• Provided data:
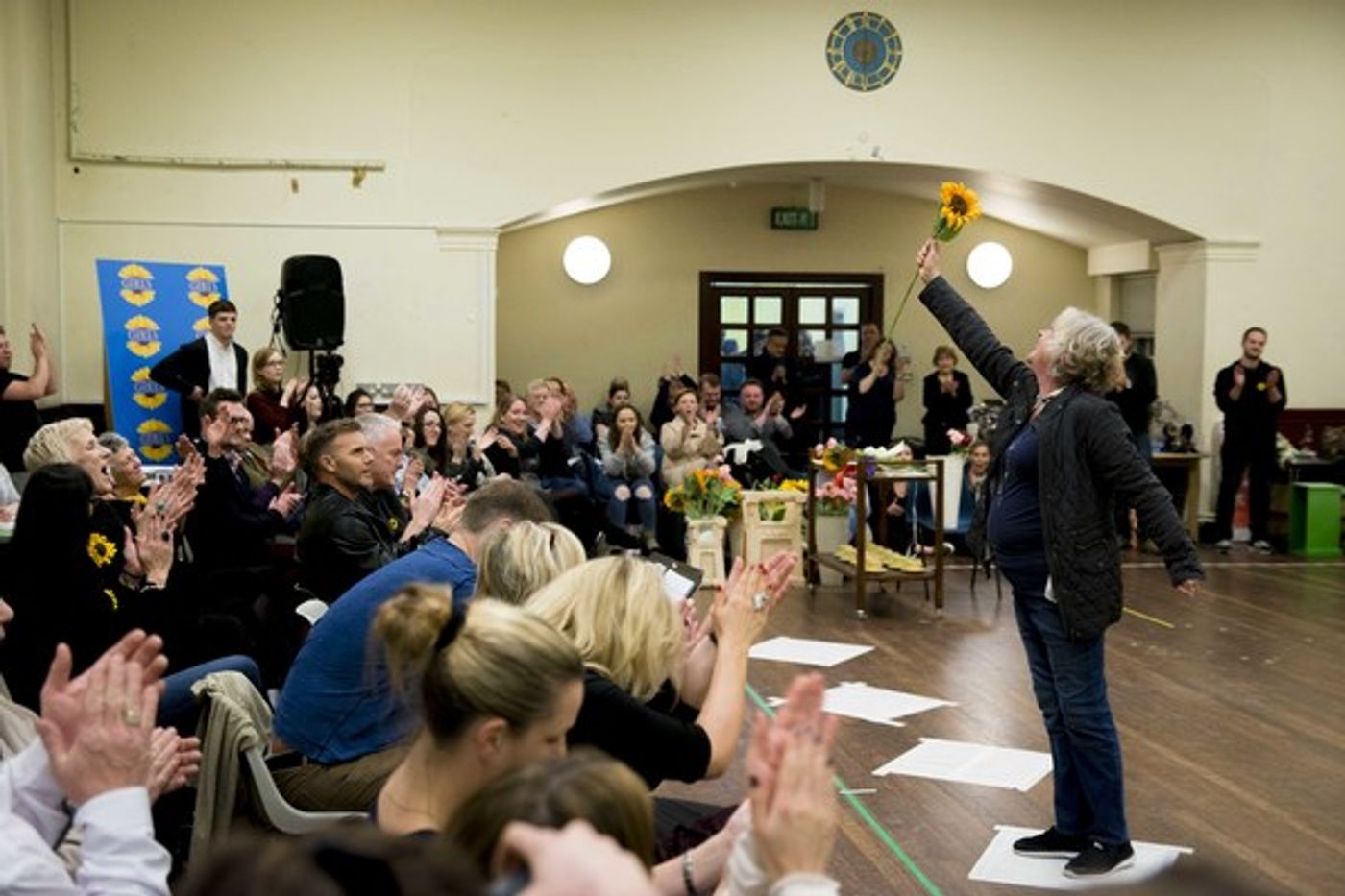 Photo Flash: First Look at Rehearsal Photos for Gary Barlow and Tim Firth's New British Musical, THE GIRLS  Image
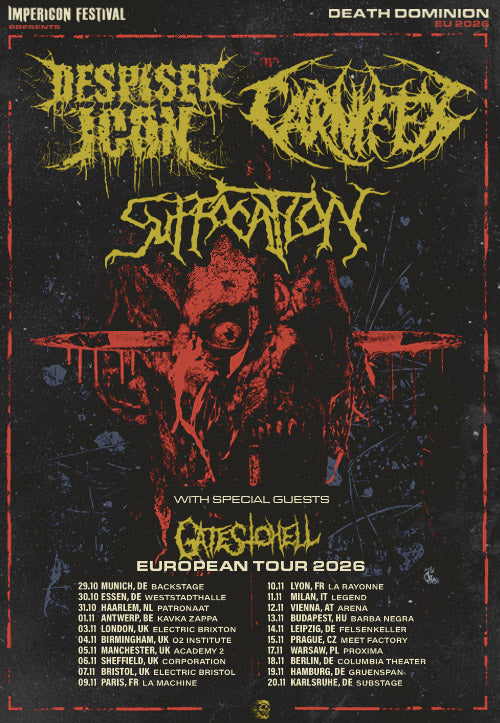 Carnifex - 12.11.2026 Wien - Ticket | Neutral-Image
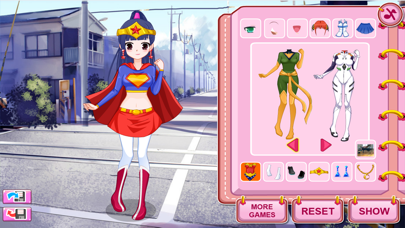 Dress Up Games, Cosplay Girls Screenshot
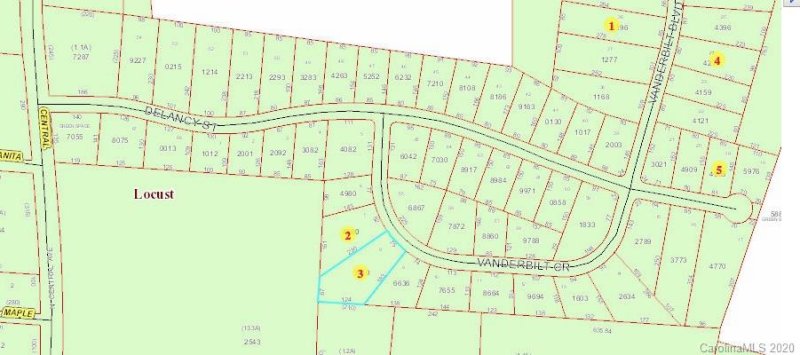 Property image 3 at 108 Vanderbilt Circle, Locust, NC 28097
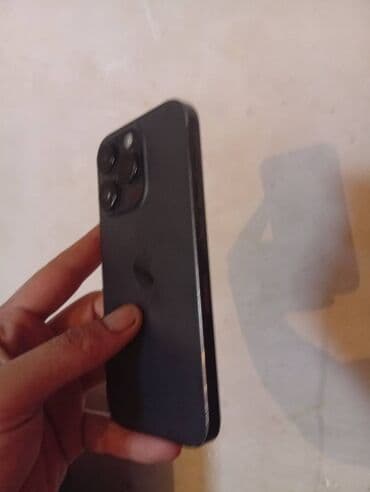 IPhone 14 Pro, 256 GB, Black Titanium lalafo.az -da IPhone 14 Pro, 256 GB, Black Titanium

• Action item: Only the lines starting at the one that holds "Property image 3" and ending at the last line of the data belong in your answer. Please set them down exactly and omit the pictures.

• Solution:
 Property image 3 at 108 Vanderbilt Circle, Locust, NC 28097
 IPhone 14 Pro, 256 GB, Black Titanium lalafo.az -da IPhone 14 Pro, 256 GB, Black Titanium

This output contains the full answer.